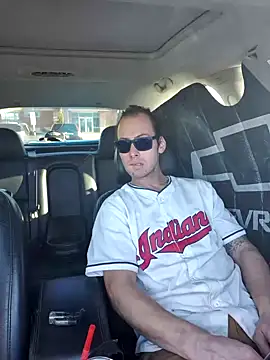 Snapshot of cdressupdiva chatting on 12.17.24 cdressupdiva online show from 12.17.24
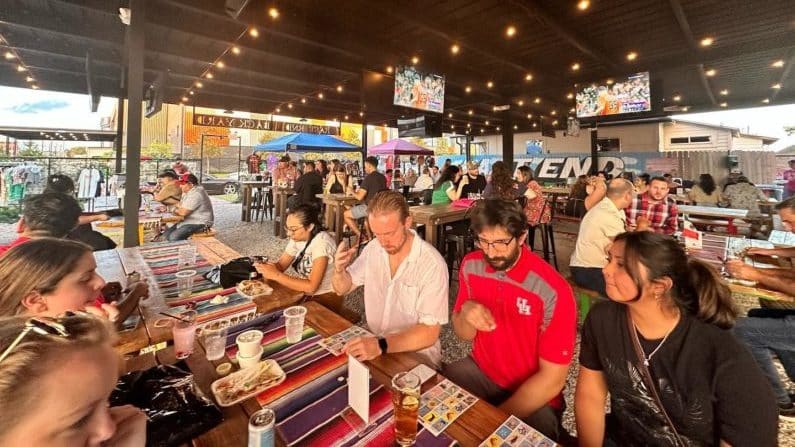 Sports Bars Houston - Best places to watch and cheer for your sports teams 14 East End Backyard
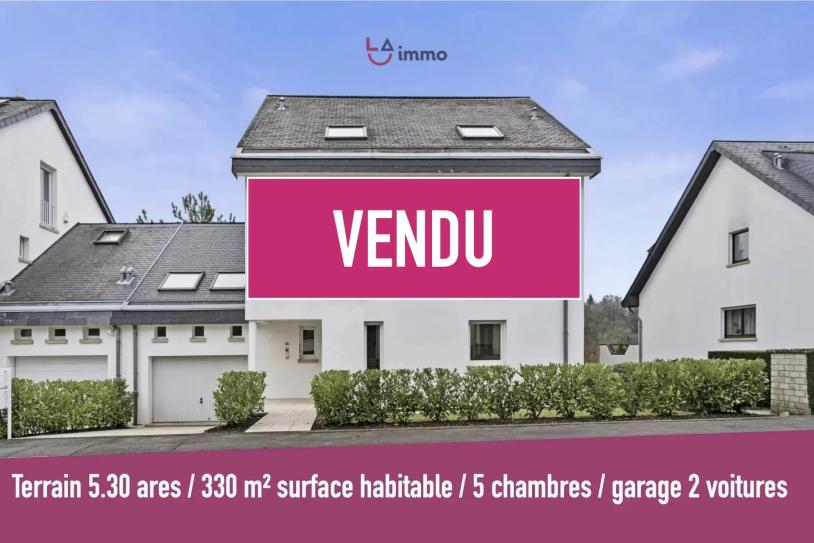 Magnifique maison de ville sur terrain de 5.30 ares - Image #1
---
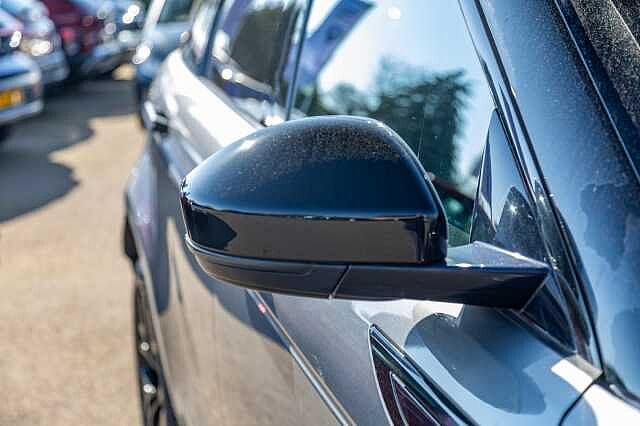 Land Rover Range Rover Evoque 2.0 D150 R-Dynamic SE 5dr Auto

# What the task asks
All that is wanted is the lines above between the one containing "Snapshot of cdressupdiva" and the one containing "Magnifique maison de", inclusive, restated word for word, with pictures omitted.

# Problem solution
 Snapshot of cdressupdiva chatting on 12.17.24 cdressupdiva online show from 12.17.24
 Sports Bars Houston - Best places to watch and cheer for your sports teams 14 East End Backyard
 Magnifique maison de ville sur terrain de 5.30 ares - Image #1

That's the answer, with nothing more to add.